=== Exercise description ===
Copy out exactly the stretch of the listing below that begins at the line containing "원목사각시계 만들기세트-24mm 15%SALE" and ends at the line containing "Dove 50 ml İnvisible Roll-On", and copy nothing outside it.

=== Dataset entries ===

>>>

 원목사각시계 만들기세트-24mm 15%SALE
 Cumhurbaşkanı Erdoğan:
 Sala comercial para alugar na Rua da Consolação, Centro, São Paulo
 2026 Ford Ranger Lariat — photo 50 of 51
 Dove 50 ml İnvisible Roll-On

<<<
>>>

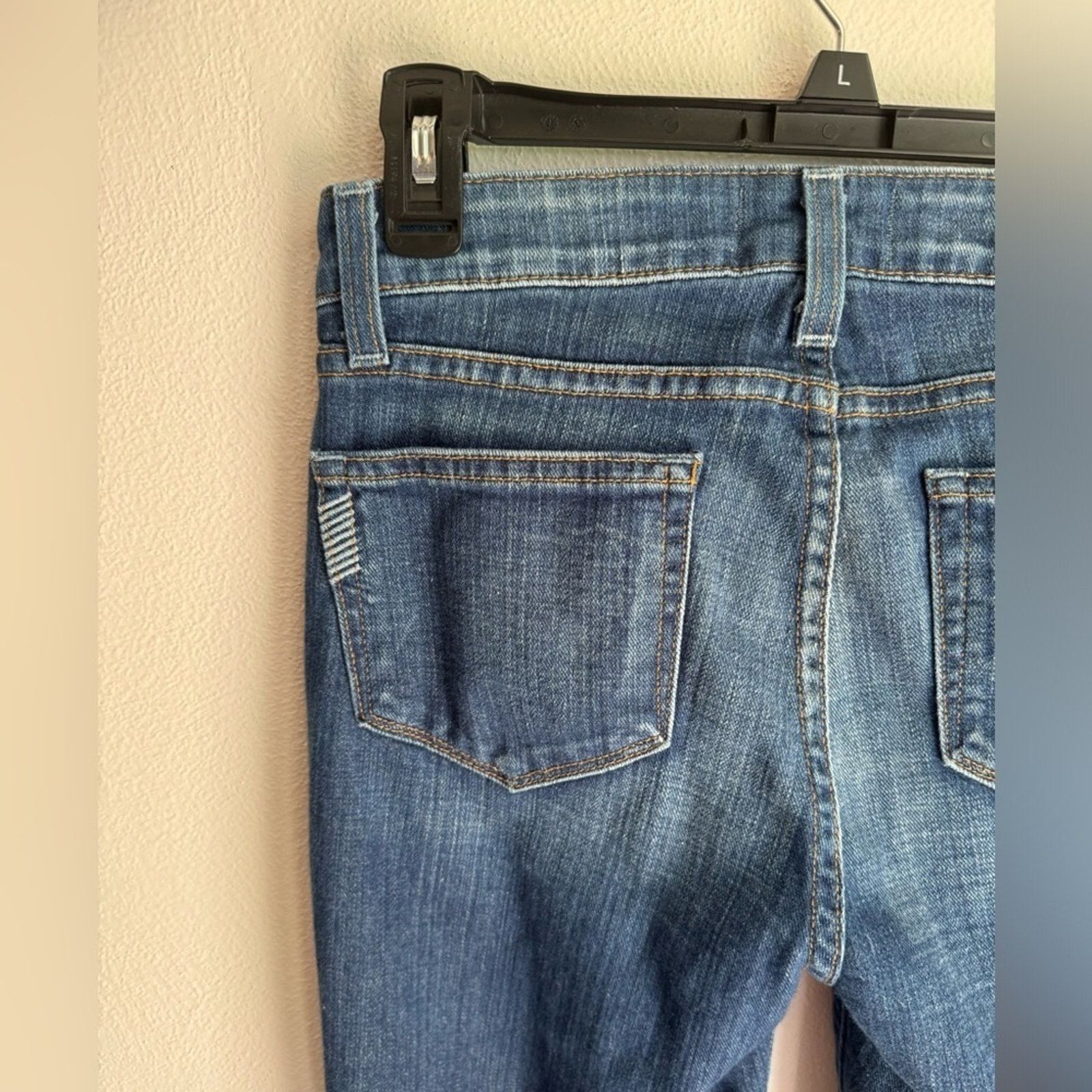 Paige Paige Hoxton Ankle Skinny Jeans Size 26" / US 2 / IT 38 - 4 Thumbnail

<<<

=== Exercise result ===
 원목사각시계 만들기세트-24mm 15%SALE
 Cumhurbaşkanı Erdoğan:
 Sala comercial para alugar na Rua da Consolação, Centro, São Paulo
 2026 Ford Ranger Lariat — photo 50 of 51
 Dove 50 ml İnvisible Roll-On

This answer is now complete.